To effectively prevent or reduce the banding artifact, a banding artifact detection algorithm needs to provide a strength metric that represents the severity of the artifact such that the re-encoding or post-processing algorithm can automatically identify or prioritize the allocation of resources within the project constraints. Furthermore, a banding artifact detection algorithm needs to provide the strength metric not only on a global level such as a group of pictures or one picture, but also on a local level such as a macroblock or block inside a picture. By locating the banding artifact to the local level, an encoding or processing module can adjust the encoding or processing parameters in the artifact areas only, which can be particularly useful when the overall bit budgets or computational resources are limited.

Consequently, there is a strong need for the ability to automatically detect banding artifacts and determine the strength of the banding artifact per block and per picture.

SUMMARY

According to one aspect of the present invention, the method for detecting banding artifacts includes screening candidate banding artifact areas in a digital image based on at least one feature of the areas, filtering the screened candidate banding artifact areas to eliminate artifact areas that are less noticeable to the human eyes, determining a pixel as a banding artifact based on its local or spatial temporal information, and computing a banding artifact strength metric for a set of pixels in the banding artifact areas.

According to another aspect of the present invention, the video encoder includes a banding artifact detector configured to: 1) screen candidate banding artifact areas of a digital image based on at least one feature of the area; 2) eliminate artifact areas that are less noticeable to the human eyes; 3) identify a pixel as a banding artifact pixel; and 4) calculate a banding artifact strength metric for a set of identified pixels.

The filtering can be performed using a median filter, and the various steps performed by the method and apparatus can be performed on a pixel or transform domain. In addition, the various steps performed by the method and apparatus can be part of a pre-processing step prior to encoding, or can be part of a post-processing step after decoding.

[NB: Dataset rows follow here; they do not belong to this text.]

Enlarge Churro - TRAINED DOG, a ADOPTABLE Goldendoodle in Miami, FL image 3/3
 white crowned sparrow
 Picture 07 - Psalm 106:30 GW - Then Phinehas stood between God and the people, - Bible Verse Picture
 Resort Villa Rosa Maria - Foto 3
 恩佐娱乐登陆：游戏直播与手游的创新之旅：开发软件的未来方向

Other aspects and features of the present principles will become apparent from the following detailed description considered in conjunction with the accompanying drawings. It is to be understood, however, that the drawings are designed solely for purposes of illustration and not as a definition of the limits of the present invention, for which reference should be made to the appended claims. It should be further understood that the drawings are not necessarily drawn to scale and that, unless otherwise indicated, they are merely intended to conceptually illustrate the structures and procedures described herein.

BRIEF DESCRIPTION OF THE DRAWINGS

In the drawings wherein like reference numerals denote similar components throughout the views:

FIG. 1 is a flow diagram of the method for detecting banding artifacts according to an implementation of the present principles;

FIGS. 2 and 3 are a flow diagram of the method for detecting banding artifacts according to an implementation of the present principles;

FIG. 4 is a flow diagram of the method for detecting banding artifacts at the pixel level according to an implementation of the present principles;

FIG. 5 is a block diagram of a rate control system implementing the methods of the present principles; and

FIG. 6 is a block diagram of a predictive encoder implementing the method of the present principles.

DETAILED DESCRIPTION

The present principles provides a method and apparatus to (i) find the locations of the banding artifacts, (ii) determine the strength of the banding artifact per block, and (iii) determine overall banding artifact strength per picture.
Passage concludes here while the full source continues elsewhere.